(1.) The five appellants were placed on their trial with one Jamir Dai before the Assistant Sessions Judge of Dinajpur, Mr. S. S. E. Hattisngadi, and a jury on a charge Under Section 395, I. P.C. The jury brought in a mnanimous verdict of guilty as against these appellants. The learned Judge agreeing with that verdict has convicted the appellants as aforesaid and sentenced each of them to rigorous imprisonment for five years. The prosecution case shortly stated is that on 21 November 1933 there was a dacoity in the house of one Mobarak Ali. The dacoits, about 10 to 15 in number, forced their way into the house, assaulted the inmates, and took away ornaments and money. Some of the appellants were recognized as being among the dacoits. One Jamardi, husband of the sister of Mobarak, went to the thana and lodged the first information. Thereupon the police investigated and recovered some articles, alleged to have been stolen, from some of the appallants and one of them Kasimuddin made a confession which be retracted at the trial. The defence is a denial.
(2.) I may say here that we had some trouble over this simple case because the learned advocate appearing for the appellants thought fit to address us on the merits of the case without taking care to provide himself with a copy of the record, so that he was not in a position to refer us to those portions of the evidence on which he relied in his argument. The Crown however was represented by Mr. Rahim and we have examined the record for ourselves. The evidence as set forth in the charge to the jury may be divided into three classes, namely (1) the retracted confession of Kasimuddin, (2) the evidence as to the recognition of some of the appellants (by the inmates) and (3) the finding of the stolen property. For the present, we may leave aside the confession and the evidence as to the alleged recognition and take up the casa of those accused with whom stolen property is alleged to have been found.
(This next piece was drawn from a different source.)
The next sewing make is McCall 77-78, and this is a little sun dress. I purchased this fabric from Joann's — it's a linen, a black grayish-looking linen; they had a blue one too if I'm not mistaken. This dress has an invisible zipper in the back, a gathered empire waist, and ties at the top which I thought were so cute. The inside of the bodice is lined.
These are appellants Samiruddin and Asimuddin. The occurrence had taken place on 22nd November. On 9 December following the houses of these appellants were searched and two gold Koris Ex. 23 and a gold mache Ex. 24 were found in the house of Samiruddin, and a gold beshar Ex. 22 and a pair of silver arboukis Ex. 25 were found in the house of Asimuddin. The learned Judge while dealing with this part of this case set out the evidence, which is quite simple, fully and fairly. He at first drew the attention of the jury to the evidence as to the finding of these articles which in fact is not denied. Then he drew attention to the evidence as to the identification of the articles by Mobarak Ali, his mother, and his sister.
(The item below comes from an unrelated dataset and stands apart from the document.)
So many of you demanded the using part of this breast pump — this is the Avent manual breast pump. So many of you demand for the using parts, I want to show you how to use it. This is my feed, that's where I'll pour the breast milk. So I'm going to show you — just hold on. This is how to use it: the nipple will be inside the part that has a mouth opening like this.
(3.) The first two identified all the four articles. The sister identified only two. Then the learned Judge also drew the attention of the jury to the circumstances under which the identification was made, namely, that there was a test identification carried out in the presence of the President of the Union Board. The sister stated that she saw her mother identifying the ornaments through a window, but the learned Judge was quite justified in drawing the attention of the jury to the fact that this sister herself did not identify all the four articles. Samiruddin claimed the two articles found in his house as belonging to his aunt and Asimuddin claimed the articles found in his house as belonging to his wife. But there is no evidence in support of this defence. The entire evidence was thus fairly placed before the jury and the learned Judge stated quite correctly that unless the accused could satisfactorily explain the possession of the articles the jury would be entitled to infer that these two accused were either among the dacoits or had received the properties knowing that; they had been stolen in the course of the dacoity. The jury believing the evidence returned a verdict of guilty. In the circumstances, we see no reason to interfere with the conviction of the appellants Samiruddin and Asimuddin.